Only the lines from the one containing "1/16 Industrial Farmall" to the end of the records belong in the answer; repeat them exactly and drop the pictures.

(Saved data entries)
▽

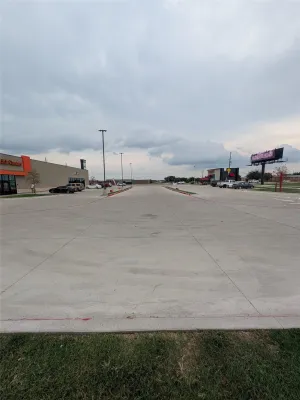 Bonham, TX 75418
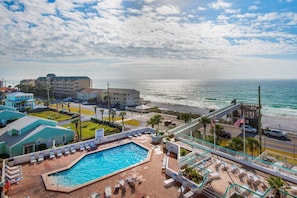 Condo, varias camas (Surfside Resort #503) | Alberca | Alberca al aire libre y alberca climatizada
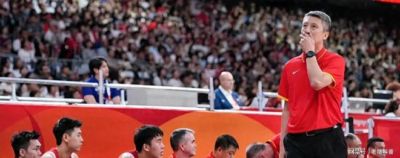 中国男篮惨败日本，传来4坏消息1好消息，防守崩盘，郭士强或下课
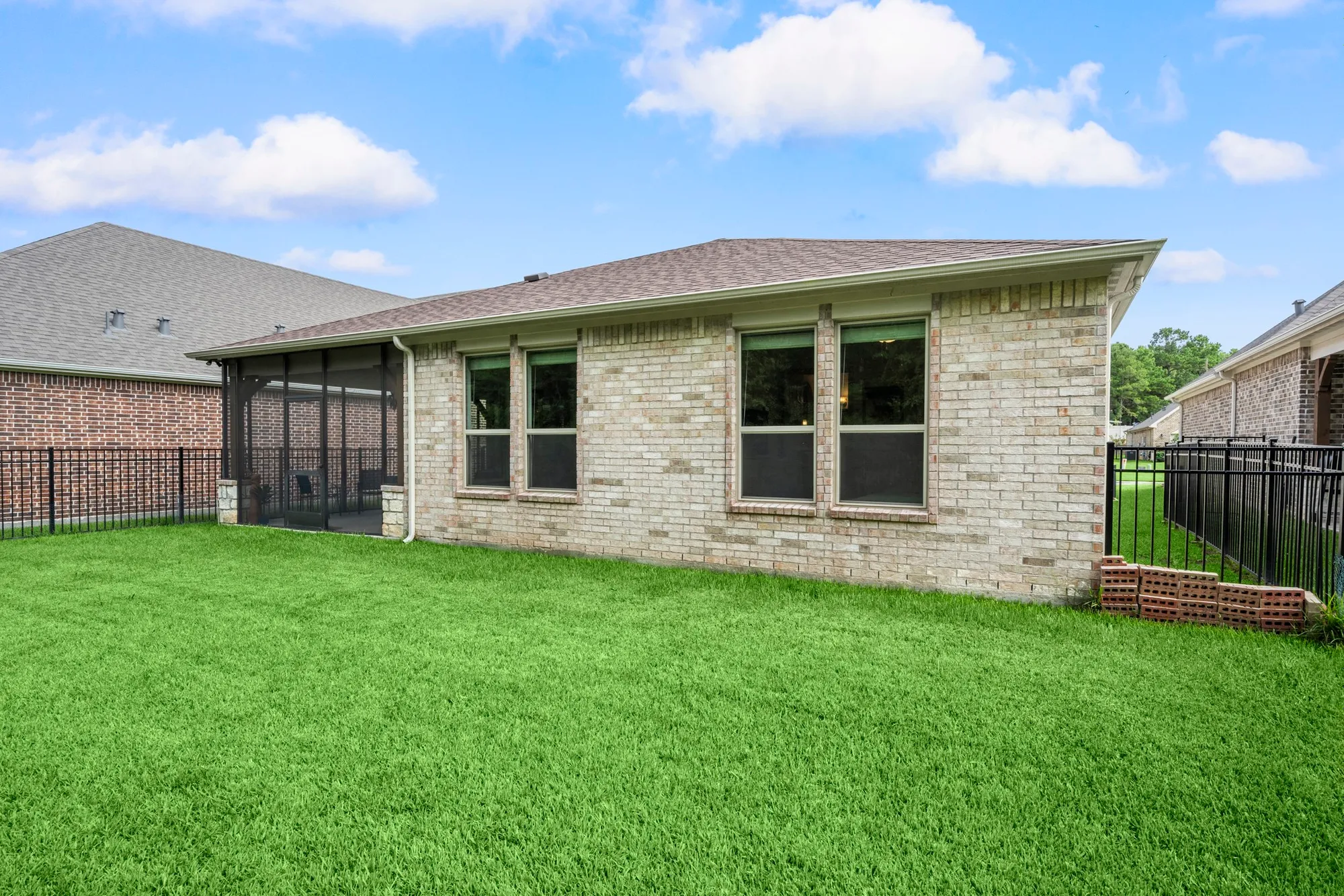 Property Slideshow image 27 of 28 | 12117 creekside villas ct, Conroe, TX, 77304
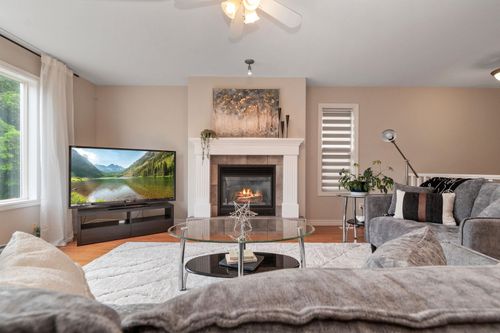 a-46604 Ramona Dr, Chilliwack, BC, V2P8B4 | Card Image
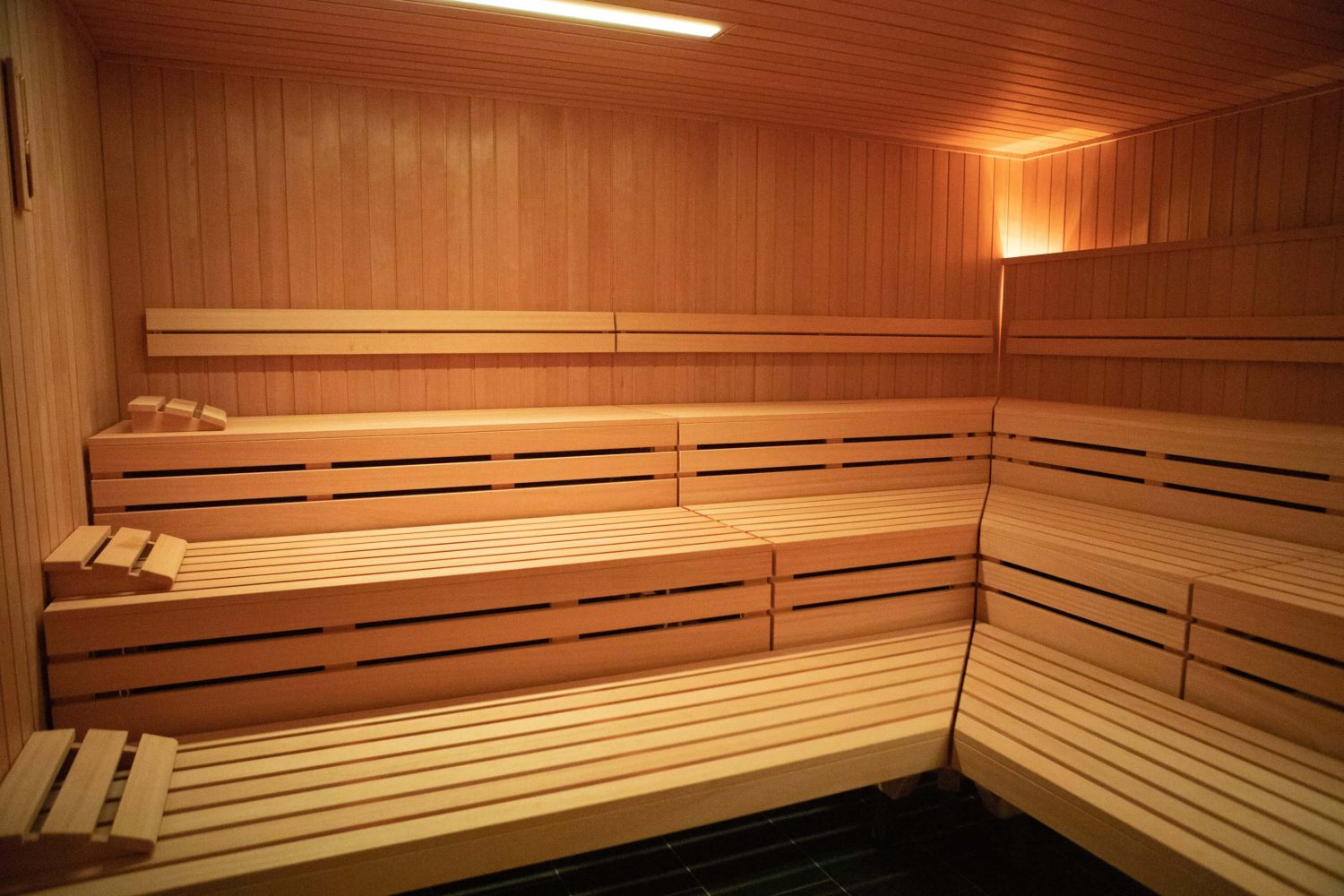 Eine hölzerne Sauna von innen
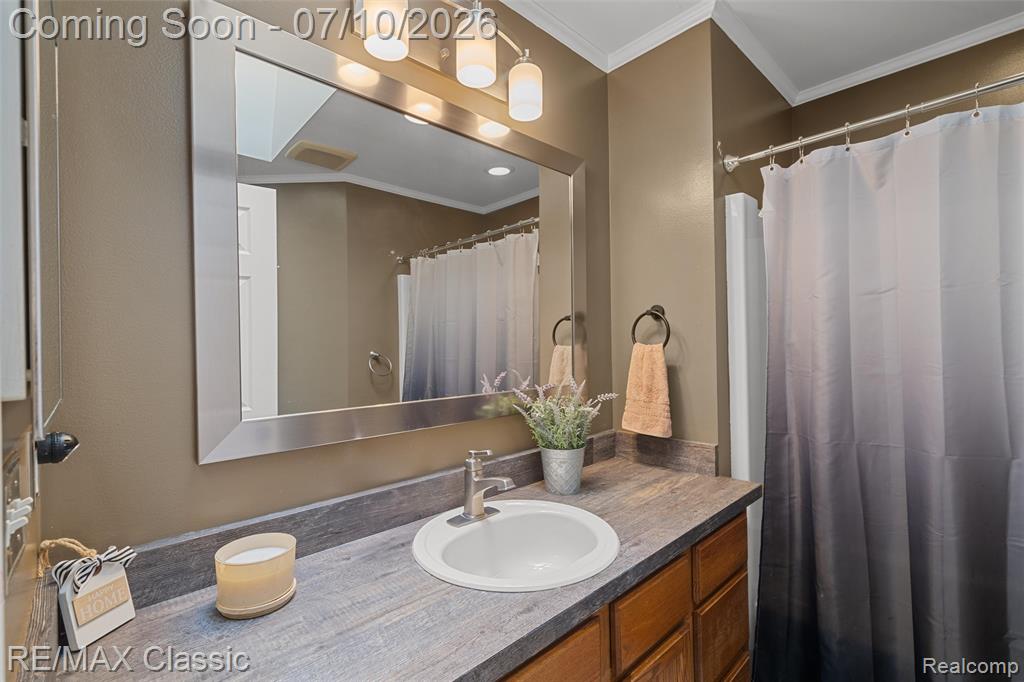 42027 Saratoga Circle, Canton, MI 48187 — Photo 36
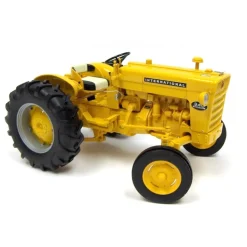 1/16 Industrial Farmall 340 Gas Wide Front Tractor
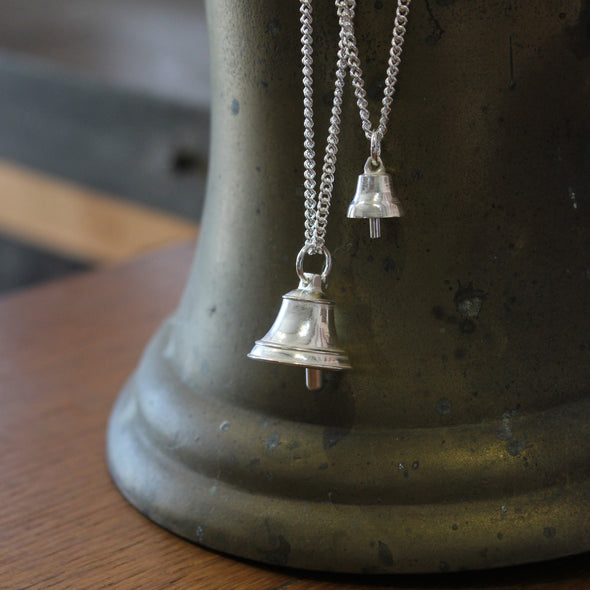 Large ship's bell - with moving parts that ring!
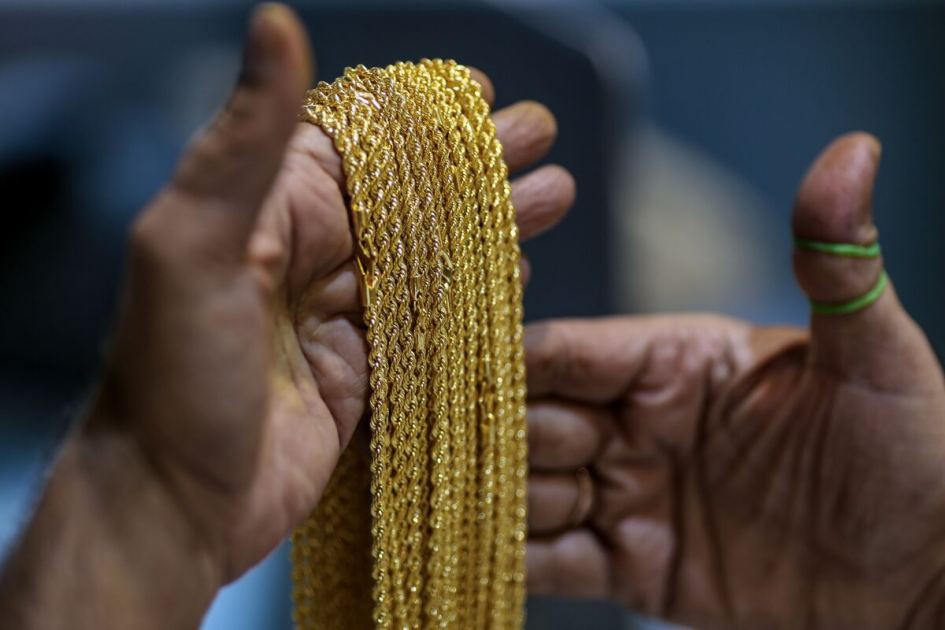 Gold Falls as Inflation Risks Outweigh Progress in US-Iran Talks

△

* _TASK SOLUTION_
 1/16 Industrial Farmall 340 Gas Wide Front Tractor
 Large ship's bell - with moving parts that ring!
 Gold Falls as Inflation Risks Outweigh Progress in US-Iran Talks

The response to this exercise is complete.